Mesmo ainda hoje, para a maioria dos humanos, o edificado apenas tem de satisfazer requisitos para a sua sobrevivência relativos à fisiologia (abrigo) e segurança (níveis basais da pirâmide conforme Maslow).
Nas sociedades avançadas, o processo de concepção e execução do edificado físico tem a responsabilidade de grupos profissionais certificados e organizados – como o grupo AEC (Arquitetura, Engenharia e Construção). Inclui-se a indústria de materiais e componentes.
O seu foco está em obter ambientes físicos para satisfazer exigências funcionais pelo uso racional e eficiente do trabalho, energia e matéria, com ciência, matemática e tecnologia.
Resultam em infraestruturas enterradas ou não, paredes, pavimentos, redes que, combinadas e no seu todo, conferem propriedades ajustadas de segurança, conforto e saúde. Para lá da construção tradicional, a abordagem tende a seguir a teoria dos sistemas. O material deixa de ser o fim da construção e passa a ser um meio para o edificado.
Todavia, a abordagem AEC não chega. O moderno produto imobiliário é ainda mais abrangente do que simples configuração do ambiente construído. O empreendimento imobiliário é um processo complexo para otimizar, validar, viabilizar, sustentar, sujeito a vários critérios, sendo que a maioria nem é de ordem material, mas racional e institucional.
O processo imobiliário é multidimensional porque os utentes (humanos e outros) e os seus empreendimentos não estão sujeitos apenas ao ambiente físico. Dependem de ambientes humanos, institucionais e informacionais (ver o último artigo). Estes são ambientes básicos que geram outras envolventes que, por sua vez, estimulam ou afastam interesses e ações para o progresso, como sejam os ambientes sociais, políticos e económicos.
No contexto da atual sociedade de mercado avançada e competitiva, que se quer próspera e sustentável, este tema de configuração de ambientes apropriados tem importância. E o setor imobiliário é talvez o agente protagonista porque configura os ambientes onde atuam os humanos e é profundamente afetado pelos mesmos.
Neste desafio, o promotor imobiliário deve adquirir importância relevante, pois como líder do processo de empreendimento imobiliário deve ser mais esclarecido, ter uma visão mais holística, agir de modo mais racional, ter uma perspetiva de gestor de projeto, mas menos de construtor como era no passado (e ainda se mantém muito esse paradigma). A sua função passa por aplicar com eficiência os recursos e condições disponibilizadas pela envolvente (não apenas a física) para assim prover um produto eficaz que integre o bem imóvel com serviços de suporte ao cliente. Neste caso, a satisfação do cliente não abrange apenas meros desempenhos físicos, mas de ordem emotiva, psicológica, sociológica, económica, de autossatisfação (conforme o segmento projetado no conceito imobiliário).

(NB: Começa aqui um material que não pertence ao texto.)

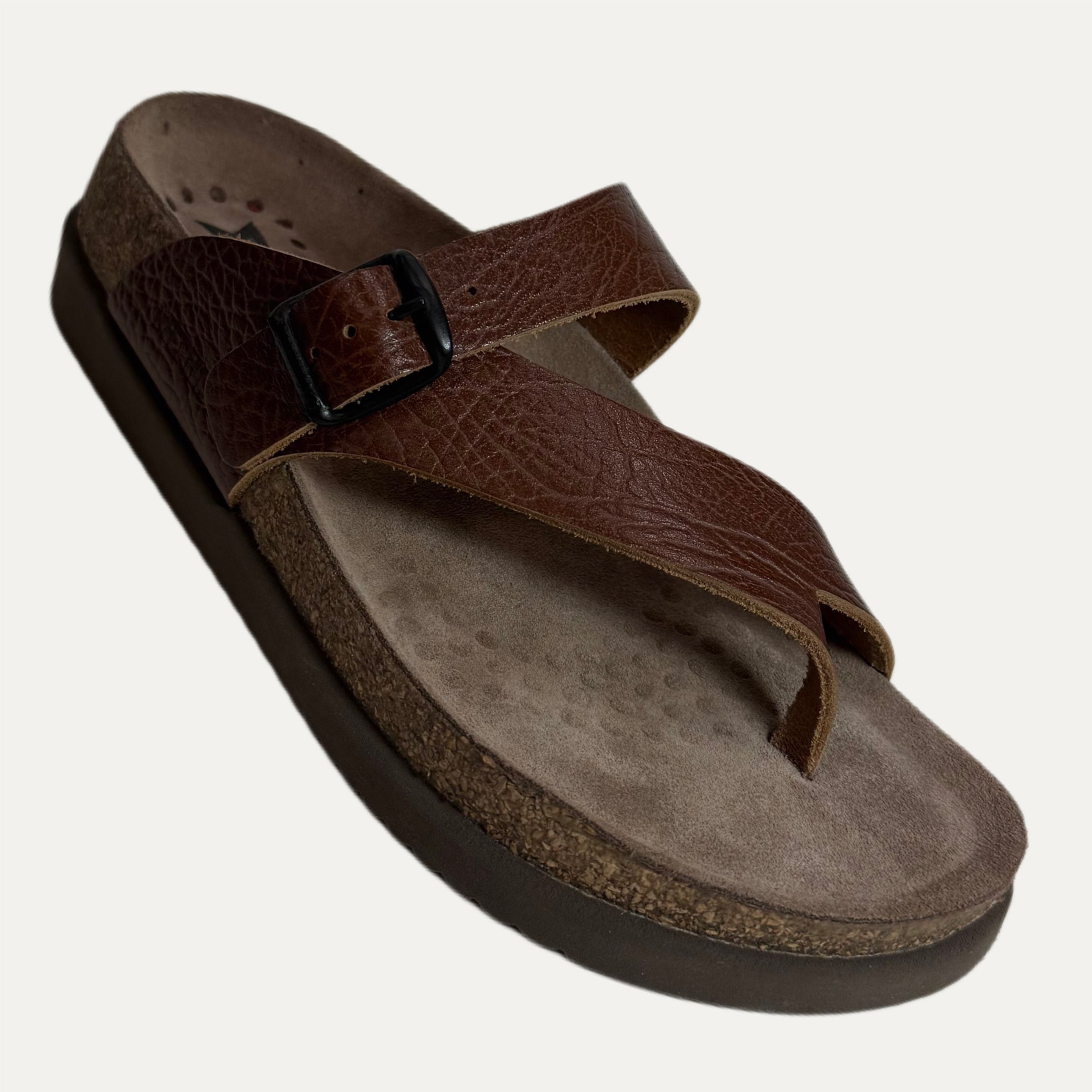 Brown sandal with a strap on a white background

Até agora o padrão de negócio (salvo as honrosas exceções) da produção imobiliária tem-se interessado nas atividades de compra do terreno, da execução da obra e na venda. Trata-se do processo tradicional de desenvolvimento imobiliário. Enfoca mais no binómio fazer para vender do que no processo pensar para fazer e depois explorar. A atividade tradicional dá valor ao esforço empírico da obra tangível, porque é fácil de percecionar. Enfim, diga-se que elege o operário manual (como o pedreiro) como figura central do negócio. Tende a ignorar as atividades racionais (planeamento, projeto, contratação) que são mal pagas e descura a pressão sobre os processos institucionais (licenciamento, fiscalidade, legislação).

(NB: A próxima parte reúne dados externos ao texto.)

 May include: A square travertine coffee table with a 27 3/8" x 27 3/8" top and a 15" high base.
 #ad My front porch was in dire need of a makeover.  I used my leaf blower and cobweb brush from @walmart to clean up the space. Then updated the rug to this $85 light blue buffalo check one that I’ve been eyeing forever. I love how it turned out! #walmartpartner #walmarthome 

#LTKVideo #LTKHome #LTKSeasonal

O sucesso deste modelo tradicional foi importante, ainda em todo o século XX, quando as obras portuguesas utilizavam abundante mão-de-obra barata e experiente. Mas, depois da quase implosão do setor da construção entre 2010 e 2015, o modelo deixou de ser viável para a sociedade portuguesa, porque não existem recursos humanos baratos e disponíveis.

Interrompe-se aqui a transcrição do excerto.